Si è conclusa sabato scorso a Roma la prima laboriosa e certamente impegnativa fase di quel percorso congressuale intrapreso dalla USB, per la prima volta aperta anche ai non iscritti, che ci porterà a Tivoli il 9 – 10 – 11 giugno.
La partecipazione di lavoratori, precari, attivisti e simpatizzanti nella storica sede di Casal Bruciato è stata davvero massiccia e lascia ben sperare gli organizzatori.
Del resto, l’attacco sferrato ormai da tempo al mondo del lavoro ha raggiunto tali dimensioni da costringere anche i più reticenti ad aprire gli occhi, perché a essere messa in discussione è la dignità stessa dei lavoratori ridotti ad uno stato servile.
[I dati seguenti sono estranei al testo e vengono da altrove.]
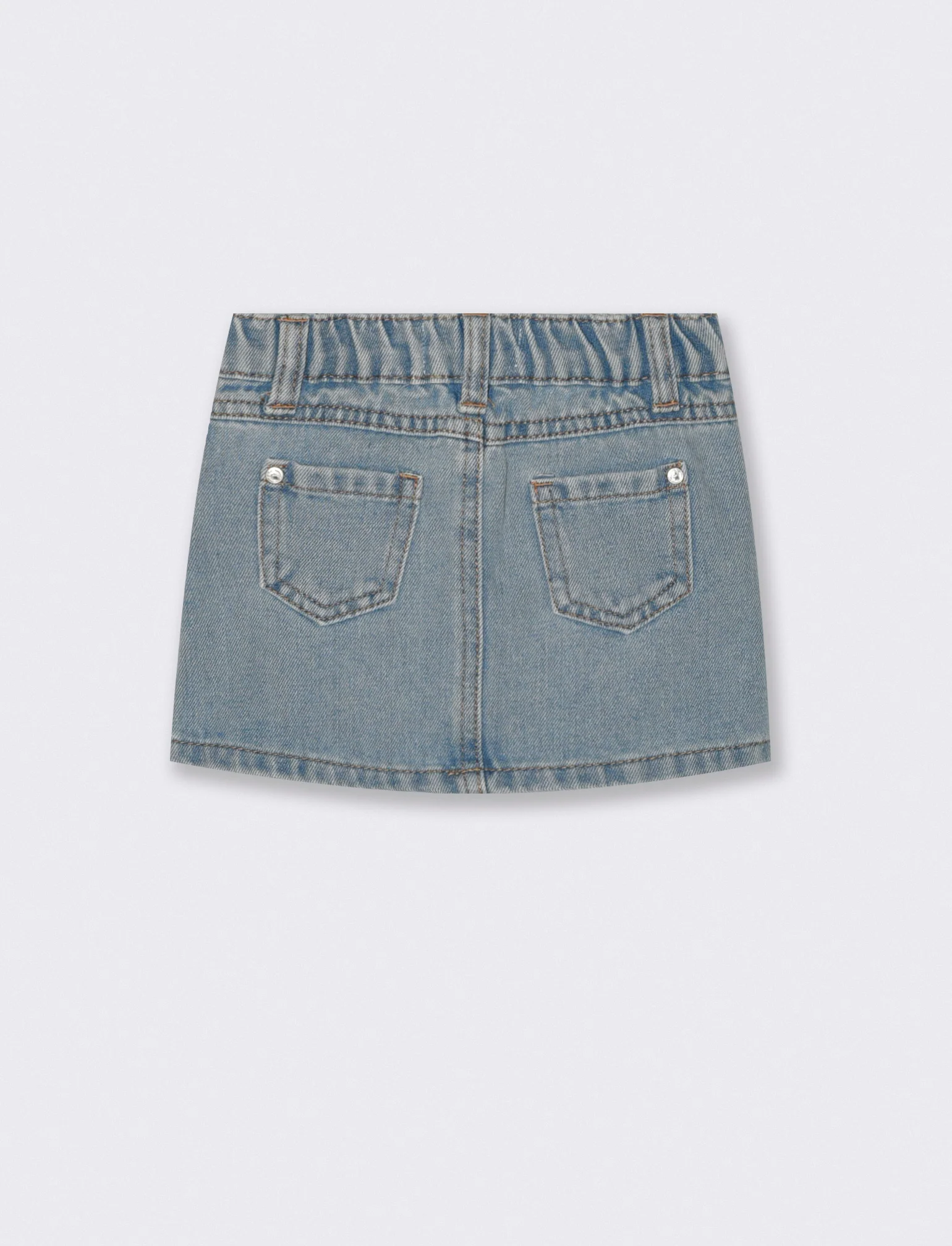 Gonna di jeans basica con tasche quotidiane - Denim chiaro - Image 3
Sarà bene rammentare che a confinare in un angolo lo stato sociale, per poterlo poi spingere verso il baratro, non sono stati soltanto banchieri ed imprenditori, ma il silenzio complice di chi avrebbe dovuto sì fare qualcosa e se ne è ben guardato.
Di fatto, la stretta osservanza delle “compatibilità economiche” e la cogestione di fondo delle scelte sistematicamente adottate dalla controparte ad ogni livello non soltanto non hanno permesso ai lavoratori pubblici di fare alcun passo avanti (ed il CCNL bloccato dal lontano 2009 ne è la conferma), ma hanno anzi portato ad un vero e proprio imbarbarimento delle relazioni sindacali.
Il famigerato JOBS ACT imposto quasi senza colpo ferire dall’ex capo del governo (al quale pochi giorni prima del referendum CGIL – CISL – UIL hanno firmato una cambiale in bianco peraltro vuota di contenuti e rivelatasi soltanto una marchetta elettorale) è stato il grimaldello utilizzato ad arte per far saltare tutte le garanzie.
A fronte di questa situazione, il ruolo di antagonista assunto dalla USB è servito a focalizzare intrecci e contesti (ma forse sarebbe più giusto parlare di connivenze) da una parte e ad assurgere ad unico polo di riferimento per centinaia di migliaia di lavoratori pubblici dall’altra.
Su questo punto bisogna essere chiari, perché l’affermazione sempre più marcata della USB in larghi settori del pubblico impiego deriva anche dall’ignavia palese di un sindacato confederale complice e collaborazionista, che altro non riesce a fare.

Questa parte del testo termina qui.